▶ DATA SHOWN
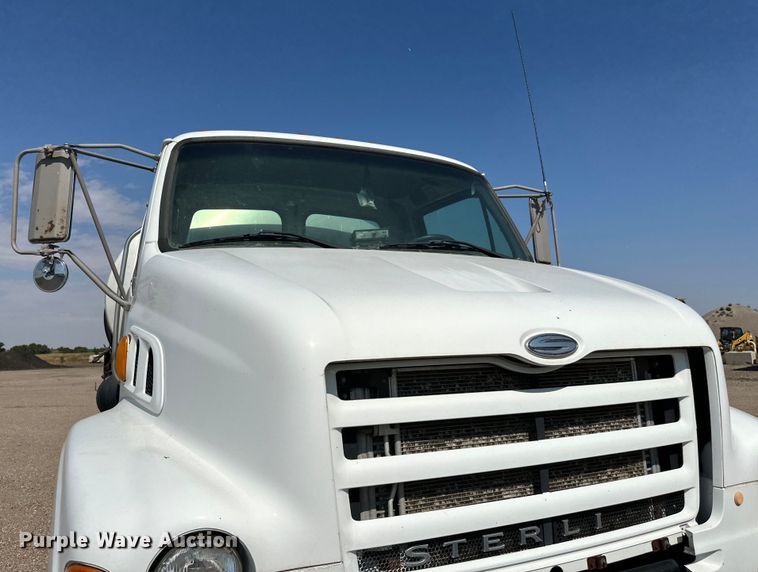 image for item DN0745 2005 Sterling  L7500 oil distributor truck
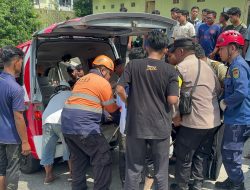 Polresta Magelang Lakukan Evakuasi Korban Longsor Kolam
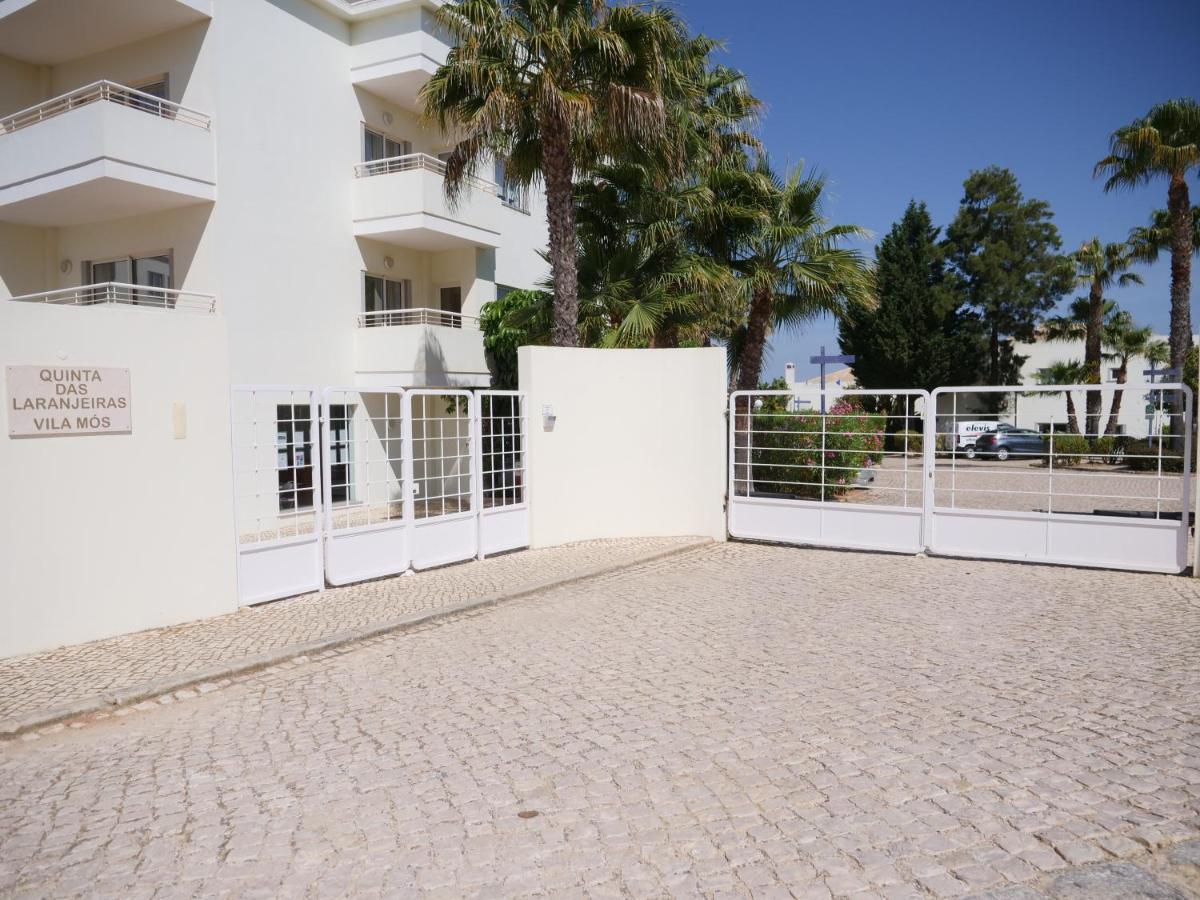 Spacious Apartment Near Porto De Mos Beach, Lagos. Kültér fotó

▶ TO DO
Send back every line above exactly, skipping all pictures.

▶ SOLUTION
 image for item DN0745 2005 Sterling  L7500 oil distributor truck
 Polresta Magelang Lakukan Evakuasi Korban Longsor Kolam
 Spacious Apartment Near Porto De Mos Beach, Lagos. Kültér fotó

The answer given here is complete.